Social media can be an asset in your job search.  It can help you network with potential co-workers and research employers.  But job seekers are not the only people spending time on social. According to a 2018 CareerBuilder survey, 70 percent of employers use social media to research potential employees.  In addition, 57 percent of employers found content that caused them not to hire a candidate.  How do your social profiles look?

If you are job hunting, your first stop is to make sure your LinkedIn profile is up-to-date.  List all your positions and a few key responsibilities or successes you had while in those roles.   According to LinkedIn, profiles with photos get 21x more views.  If you chose to include a photo, your photo should be a headshot with eye contact and a smile.  Avoid having items like sunglasses or other people in your pic.

Next up on LinkedIn, go to the upper right-hand corner and select Edit URL. Personalize your URL to be your name, removing the additional characters that is assigned to you. For example, a LinkedIn URL of www.linkedin.com/in/john-smith will make it easier for employers to find you.  While you are at it, make sure your settings reflect that you are open to opportunities and recruiters contacting you.  To do this, go to Account – Settings & Privacy and scroll down to “Job Seeking Preferences”.
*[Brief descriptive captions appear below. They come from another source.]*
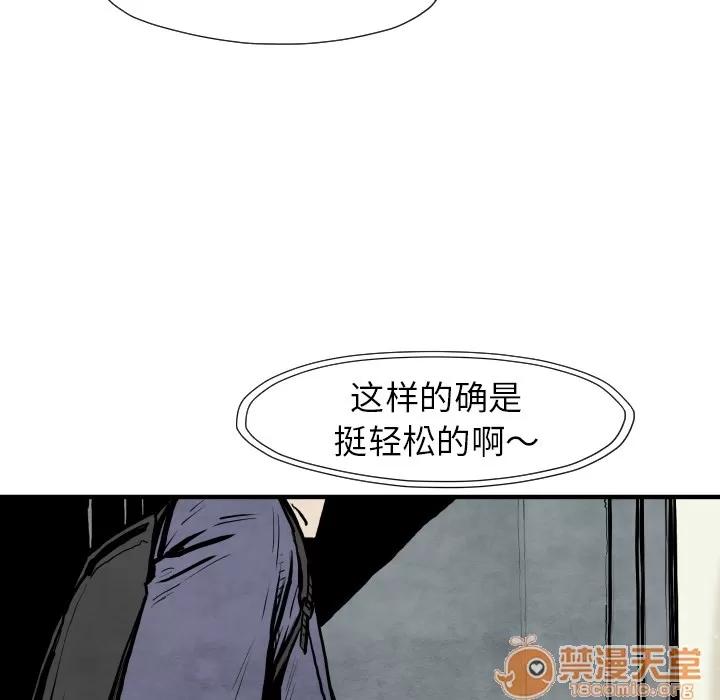 TWOMEN~共存 TWOMEN~共存 | 第25话 第130页
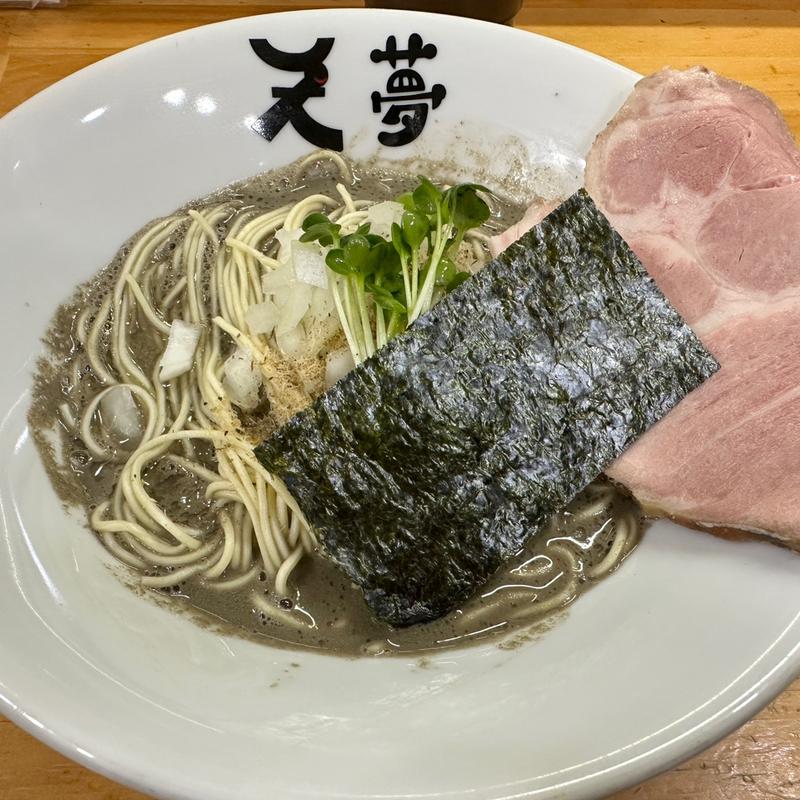 ヤバニボ(天夢 )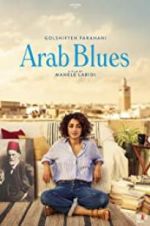 Watch Arab Blues 1channel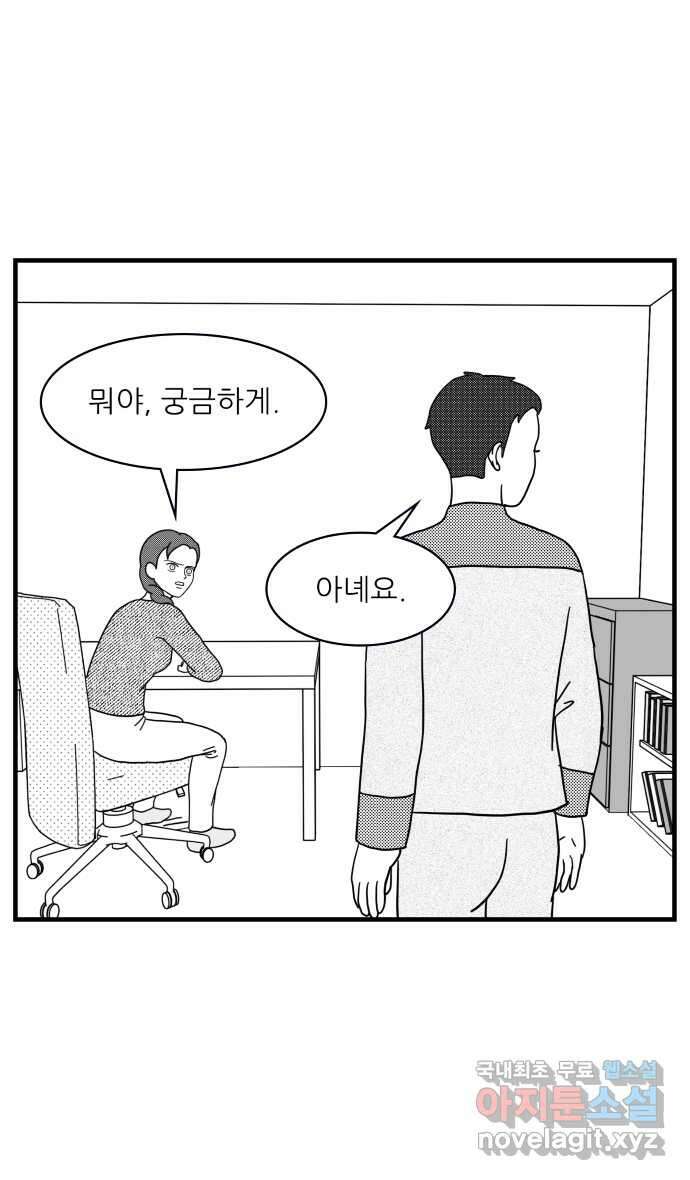 이십팔세기 광팬 40화 미래의 별장 (1) 5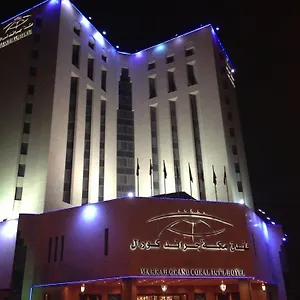 Makkah Grand Coral مكة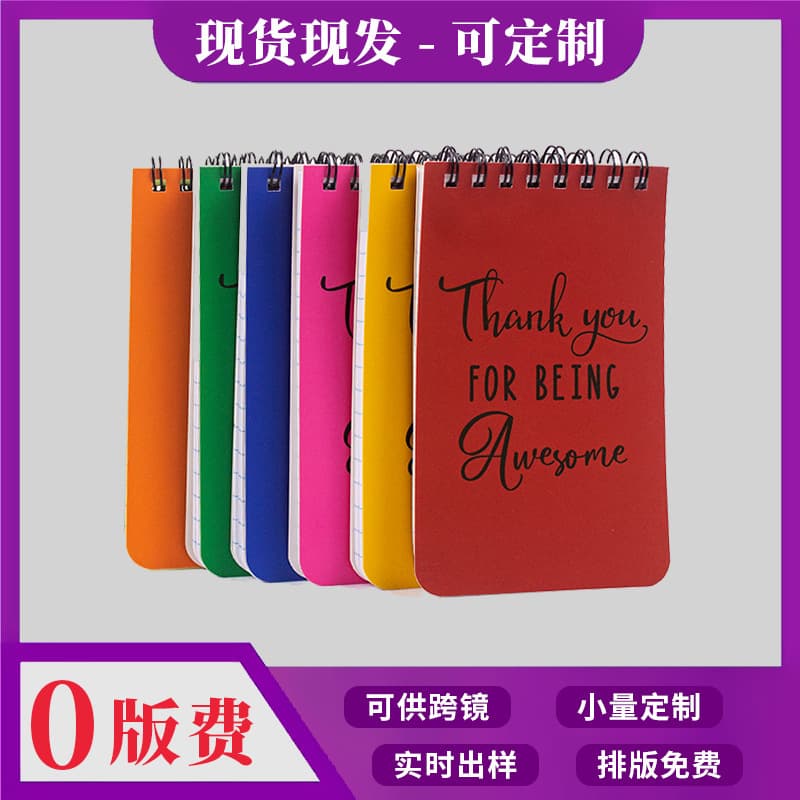 a7 coil notebook flip-up portable waterproof stone paper outdoor waterproof notebook cross-border shorthand notebook mini horizontal line pp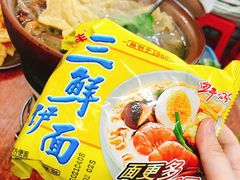 -威邵鸡煲(西华路总店)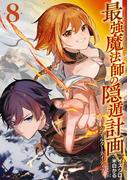最強魔法師の隠遁計画－ジ・オルターネイティブ－ 8巻(ガンガンコミックスＵＰ！)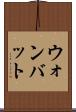 ウォンバット Scroll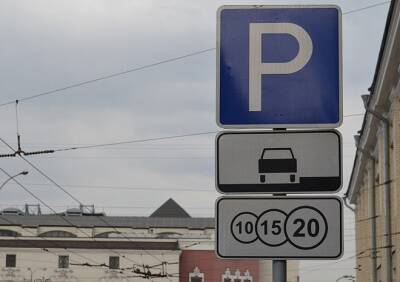 В Рязани увеличится число платных парковок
For social media sites like Facebook and Twitter, in general it is a good idea to think before you post.  For Facebook, since chances are you might have had your account for a while, check your settings of who can see what posts from both the past and present.  Facebook has a handy guide with simple steps to follow to limit past posts.  You can also turn off search engine indexing in your privacy settings, which helps prevent old posts from resurfacing.

For Twitter and Instagram, if you think some content may not appeal to all employers, you can make your account private.  By doing this, you will have to approve all new followers on your accounts. Your current followers would not be impacted by that switch on either platform.

On any platform, if you think there are any potential red flags, you could clean your social media by deleting the post from any or all platforms.  Types of posts to be aware of include:

  • Negative posts about co-workers or employers
  • Photos showing you partying it up from the weekend
  • Posts with significantly bad grammar
  • See what Business News Daily says to avoid on your profile here.

Overall, your social media profiles are your online reputation and it is your choice how to handle them. And depending on what type of position you are interested in, being active on social media might help you land the job.  But with three-fourths of employers checking online profiles, you want to put your best foot forward – in person and online!